TFS Integration Platform - “EnableValidation” does it make more sense?

  • Article

This is one of the very last TFS Integration Platform “documentation” posts, because the latest product contains detailed documentation and the next major release will include consolidated documentation containing product documentation, guidance and the readiness package. In future we will drill down on new or special features, in favour of documenting the product overall as in the past.

EnableValidation … replacing the confusing UserIdLookupEnabled attribute

What is the Lookup Service? Q&A-27 Errata 1 and What is the Lookup Service? Q&A-27 are two related posts, both focusing on the Lookup Service.

Looking at the first line in the configuration extract below we notice the UserIdLookupEnabled and EnableValidation attributes. The former is deprecated, no longer supported and replaced with EnableValidation. The schema change is intended to give the attribute a more meaningful name.

    1: <UserIdentityMappings UserIdLookupEnabled="false" EnableValidation="false">
    2:   <UserIdentityLookupAddins>
    3:     <UserIdentityLookupAddin>CDDE6B6B-72FC-43b6-BBD1-B8A89A788C6F</UserIdentityLookupAddin> 
    4:   </UserIdentityLookupAddins>
    5:   <AliasMappings DirectionOfMapping="LeftToRight">
    6:     <AliasMapping Left="*" Right="*" MappingRule="SimpleReplacement" /> 
    7:   </AliasMappings>
    8:   <DomainMappings DirectionOfMapping="LeftToRight">
    9:     <DomainMapping Left="s-domain" Right="t-domain" MappingRule="SimpleReplacement" /> 
   10:   </DomainMappings>
   11: </UserIdentityMappings>

But … what does EnableValidation entail?

The intention of this attribute is to configure whether the user identity lookup service, as part of the mapping, should reach out to actual active directory server to validate that the user account is a valid account on the target system.  When enabled (true) the service will search for the user in the target system to determine that the user account is valid and to raise an exception if the validation fails.
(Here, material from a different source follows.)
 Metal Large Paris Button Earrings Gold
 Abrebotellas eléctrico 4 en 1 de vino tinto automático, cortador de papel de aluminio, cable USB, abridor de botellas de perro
When disabled (false), the User Identity Lookup Service only performs a static transformation specified in the UserIdentityMappings section.
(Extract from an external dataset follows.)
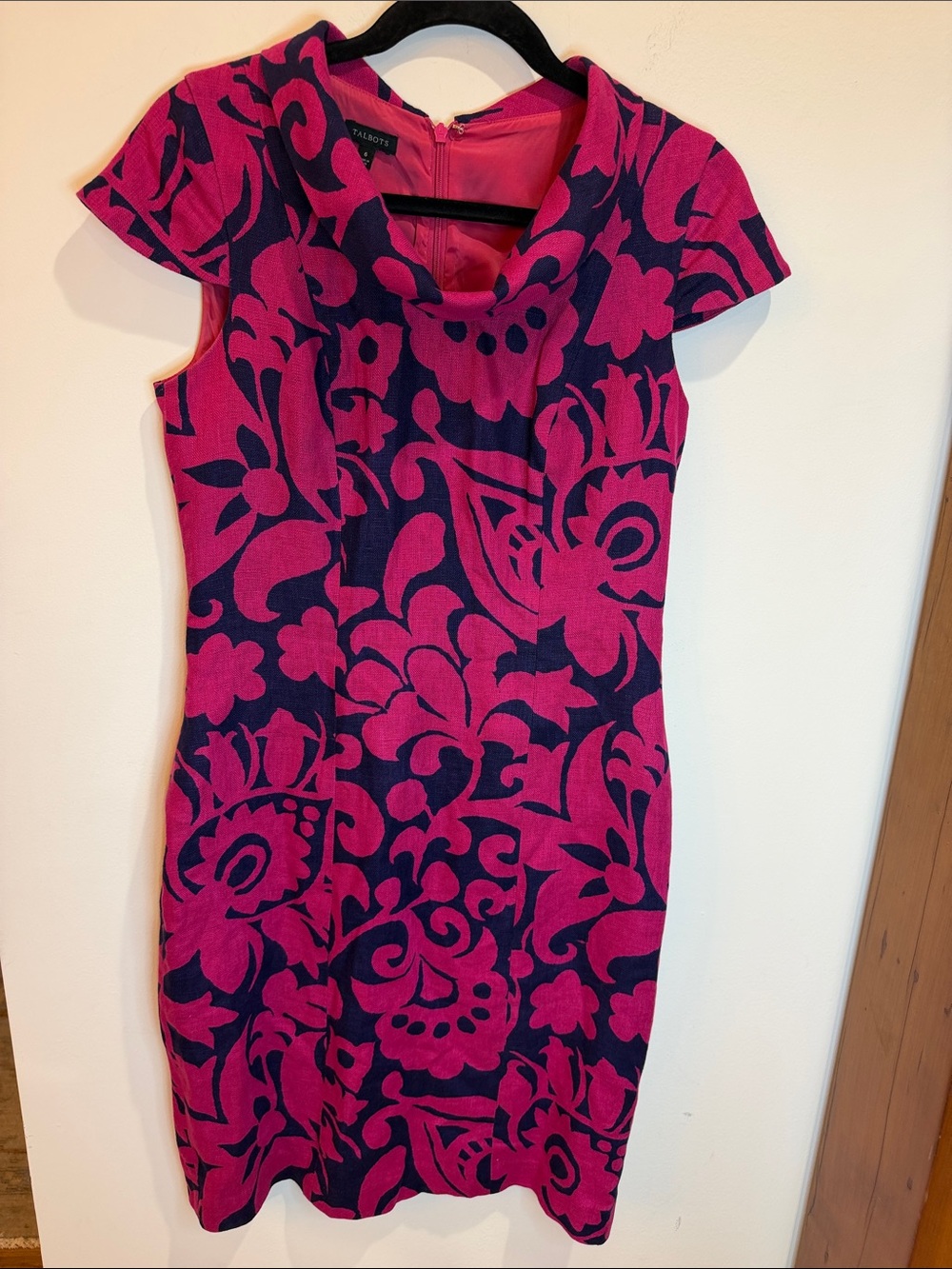 Talbots 100% Linen Fuchsia & Navy Floral Cowl Neck Dress, 6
The default value for the EnableValidation attribute is true.

Questions relating to this configuration section

  • What is the difference between the <UserMappings>, <AliasMapping> and <DomainMappings> in the configuration?
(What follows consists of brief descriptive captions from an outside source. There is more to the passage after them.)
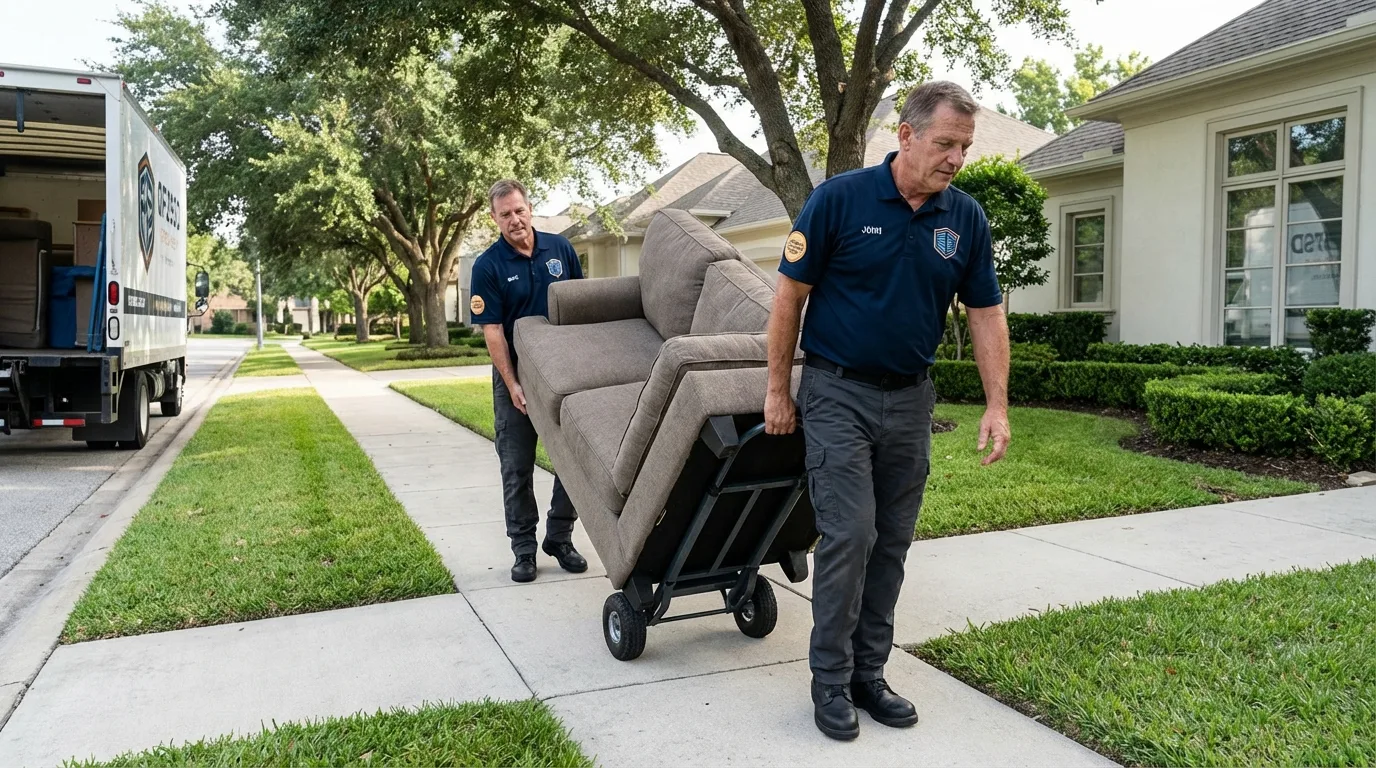 Local residential moving crew loading furniture in Shelbina, MO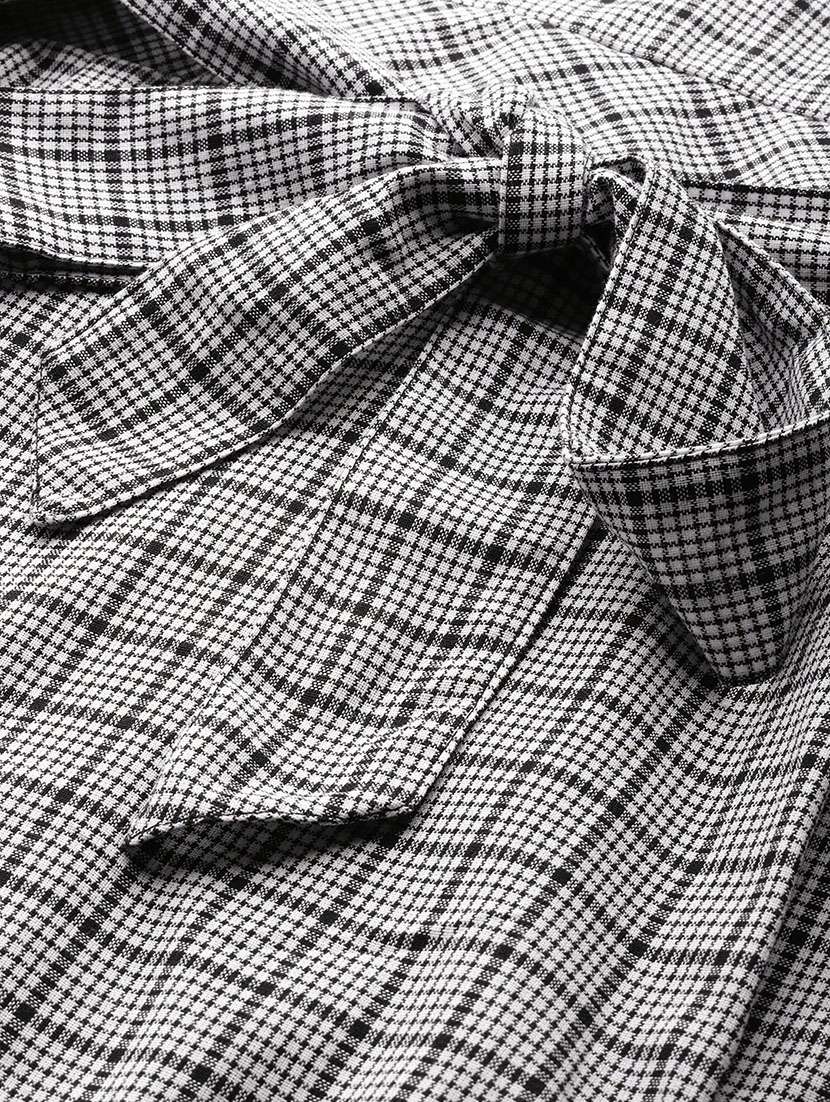 women checkered collared puff sleeve shirt dress - 22041312 -  Standard Image - 5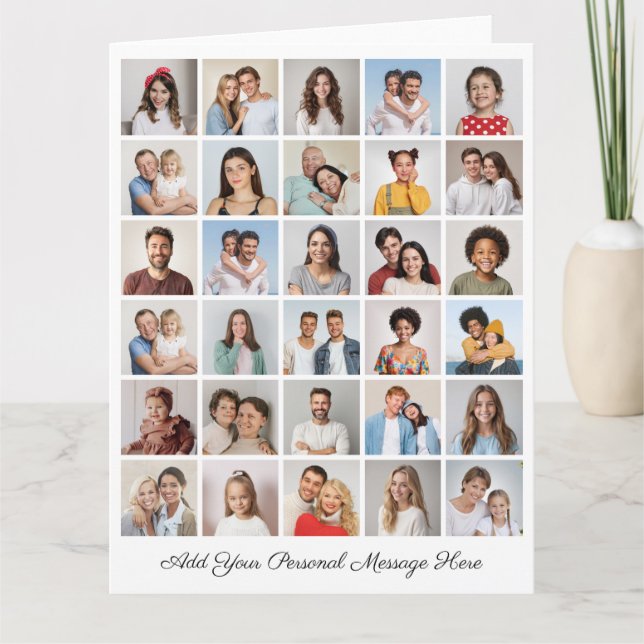 Skapa din egen 30 fotokollage lägga till din Hälsn Kort (Framsida)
    • UserMapping works on specific user(s), whereas AliasMapping and DomainMapping applies to all user accounts and maps alias and domain separately on all identities passing through the pipeline.
    • UserMappings and AliasMapping are similar in behaviour, whereby the evaluation precedence is User Mapping, then DisplayName or DomainAlias.

  • What is the difference between DisplayName and DomainAlias?

    • The DefaultUserIdProperty DisplayName is specific to TFS WIT migration sources, whereas DomainAlias is to TFS VC migration sources.